I read a line in an article by Nora Ephron’s sister, “I didn’t have the stomach to fight to be heard.” This took me back to being four years old and learning early on that it would take a lot more energy to be heard than it would to just do things for myself.
I became very competent and self reliant. I’m now working to unlearn these traits…or at least lighten up.
I picked up my four year sobriety chip this month and as I sit listening in AA meetings, I can almost divide the room by the people who are learning to trust themselves plus believe in their own competence and by the ones who are having to learn to trust others and experience vulnerability.
For those of us in the vulnerability camp, it’s really more about unlearning and going back to some basic developmental steps that may have been missed.

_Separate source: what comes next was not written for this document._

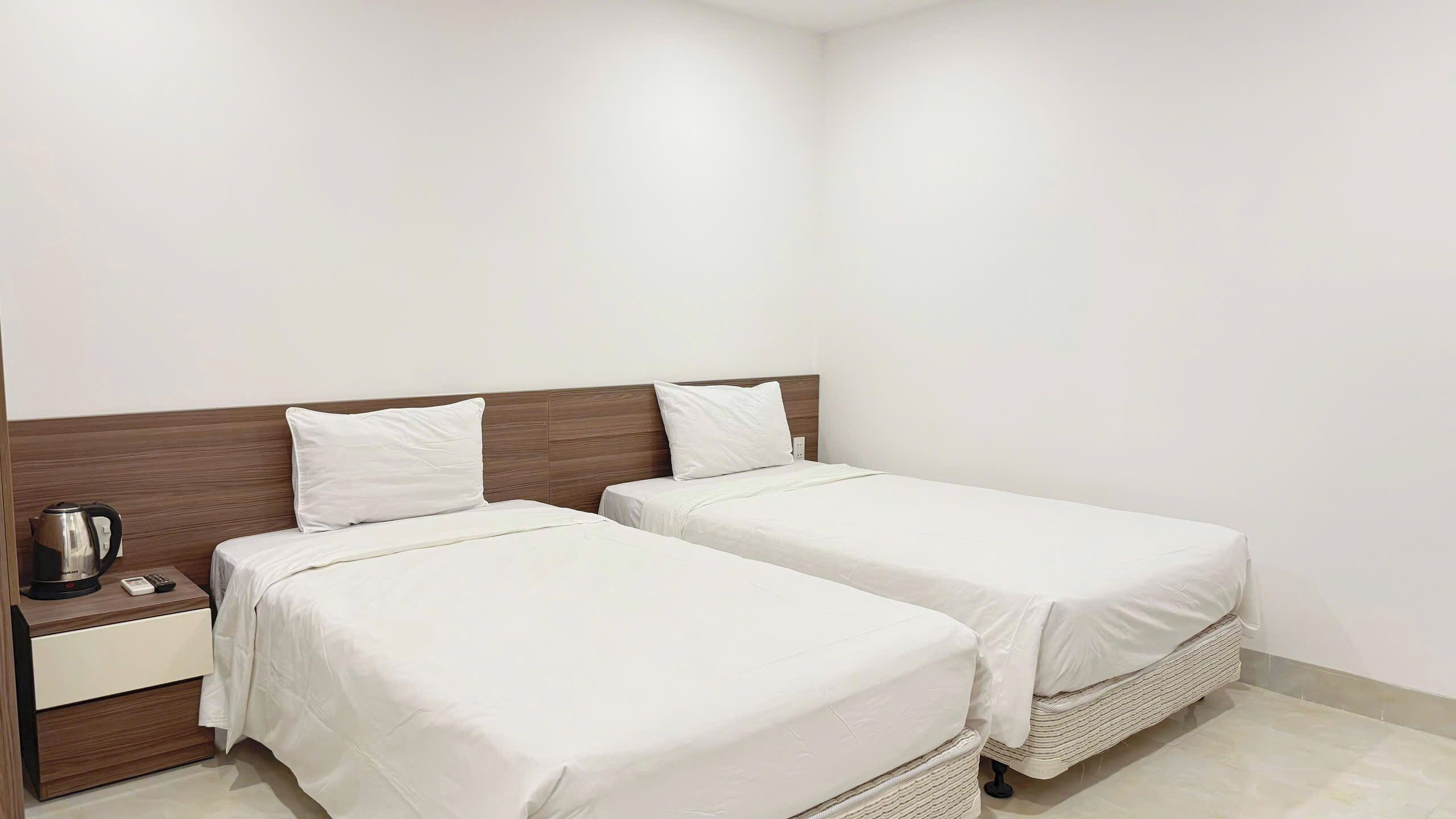 Habitació d'hotel amb dos llits individuals, un capçal de llit de fusta, una taula de nit amb una paperera i un calaix petit.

I’m still not a fighter and definitely not around being heard. I see my little four year old self in the black and white, choppy, 8 mm movie of my mind, full of spirit and liveliness wanting to be noticed and heard. Tugging at skirts and pant legs to no avail. Rather than throwing a fit or getting louder, simply going to the kitchen and getting her own snack.
It’s easy to connect shame, self soothing, and food from this mental clip. It later evolved to alcohol.
Now 44 years after being a 4 year old child, I’m celebrating 4 years of a new life sober. Passing new developmental marks, learning, growing and quietly demanding that I be heard, because I do have something to say.